In this experiment, we test the model to determine its ability to recover from incorrect feedback. In particular, we model the user feedback as completely malicious at the beginning and as completely informative thereafter. Such a behaviour is not typical but it provides a “worst case scenario” study of the system, followed by its ability to recover from incorrect or malicious feedback.
Our focus here is on the training area only. As seen in the previous experiments, the non-training area can become nearly as good as the training area with sufficient user feedback. As such, we expect similar results within the non-training area as the training area with respect to mixed feedback.
During the initial phase of this experiment, whenever the system returns a correct position estimation, the malicious user has a 50% chance of either providing negative feedback of suggesting a random false position. When the system is incorrect, the malicious user provides null feedback. Following a similar methodology as the previous experiments, such malicious feedback was provided for four rounds. Another eight rounds of feedback from a knowledgeable and helpful user was then collected.

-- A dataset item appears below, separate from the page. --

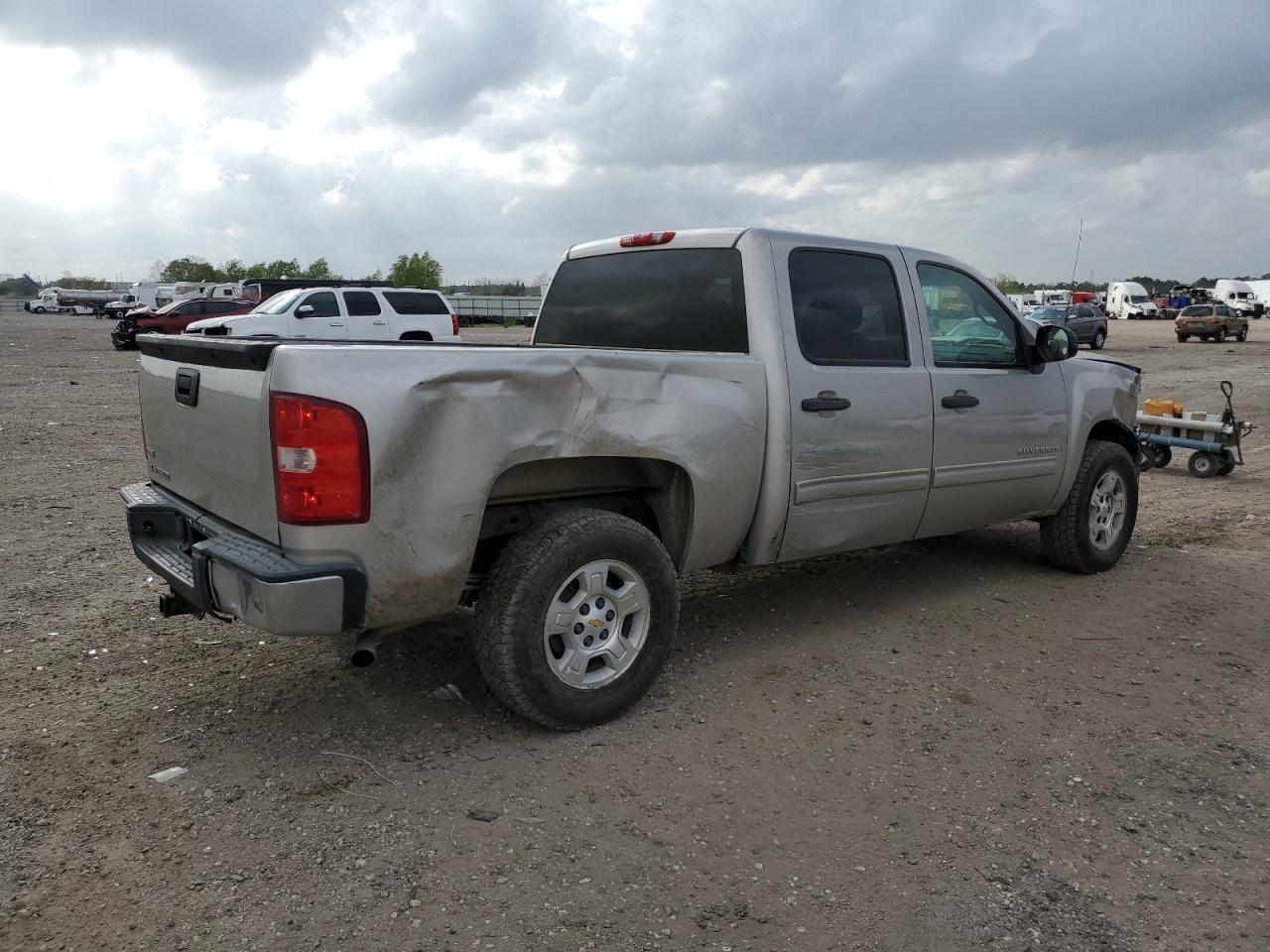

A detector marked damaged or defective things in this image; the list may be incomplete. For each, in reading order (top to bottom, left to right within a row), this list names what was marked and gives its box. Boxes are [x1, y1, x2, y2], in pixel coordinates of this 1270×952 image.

dented quarter panel [266, 343, 762, 631] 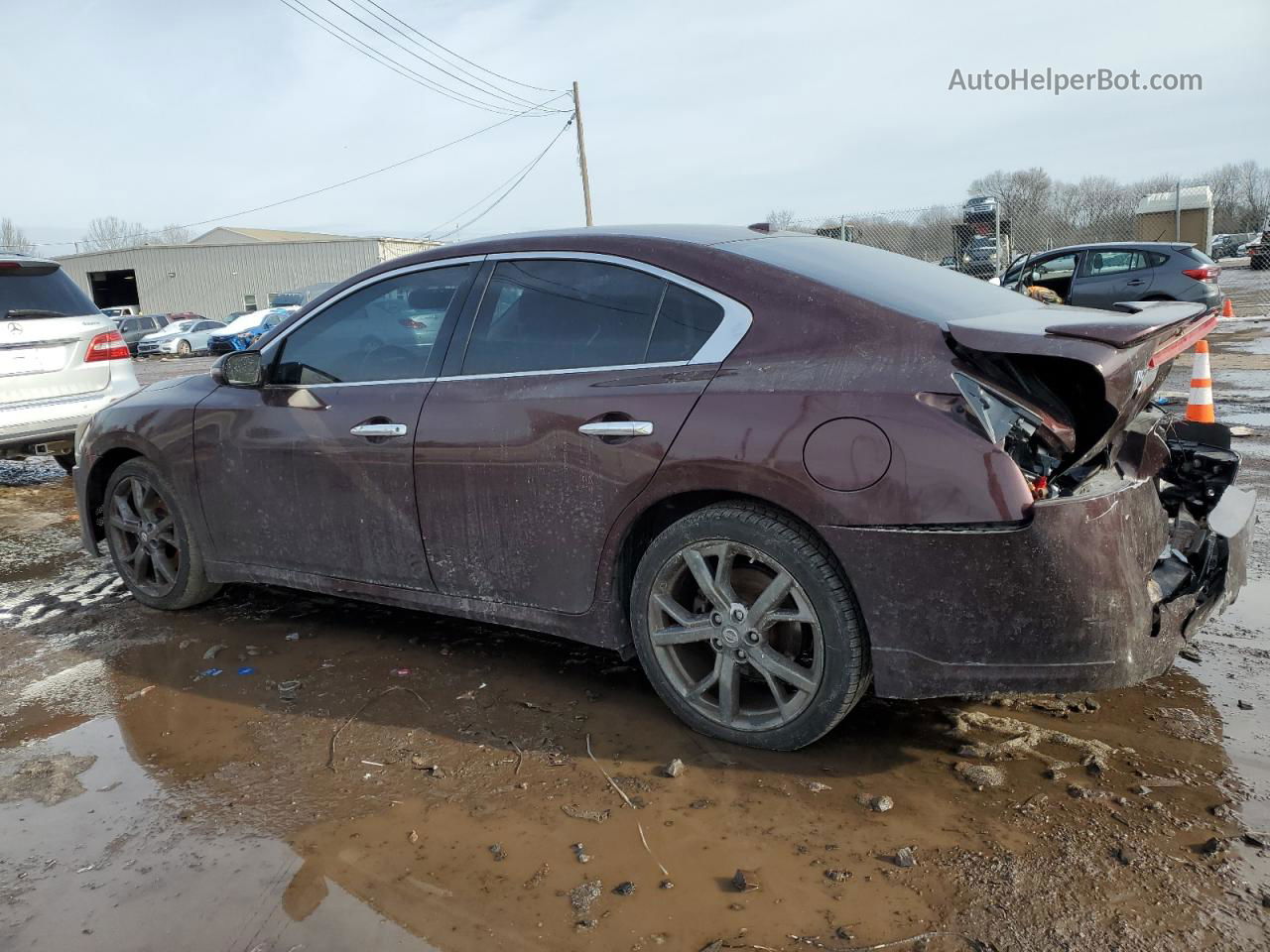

The position errors for this experiment are plotted in Figure 11. We observe that the system error starts out with around 4m and quickly increases to 14m as a result of the malicious feedback. At the same time, the system precision is also reduced to an unacceptable level, shown as the red curves in Figure 12. With an error of 14m and extremely low precision, the system is considered to be fairly disturbed by the malicious users. At this point, we turn the user into knowledgable and helpful to provide positive feedback whenever the system is incorrect.
The user behaviour in this case is the same as in the previous subsection. The helpful feedback quickly corrects the significant positioning errors, recovering to the starting accuracy after five rounds of feedback, and below 3m after eight rounds. At the same time, the system precision is stabilized as indicated by the blue curves in Figure 13. As a result, our system has recovered from the low accurate state by integrating helpful and knowledgeable feedback.
In real life, helpful and malicious feedback are often mixed together to feed the model. As such, the phenomena described in this experiment might be rarely observed. However, it in fact provides the “worst-case”. If the model can eliminate the negative effect introduced by continuous malicious or unreliable user feedback, then it is reasonable to deduce that it is robust to malicious user feedback in more moderate or general cases.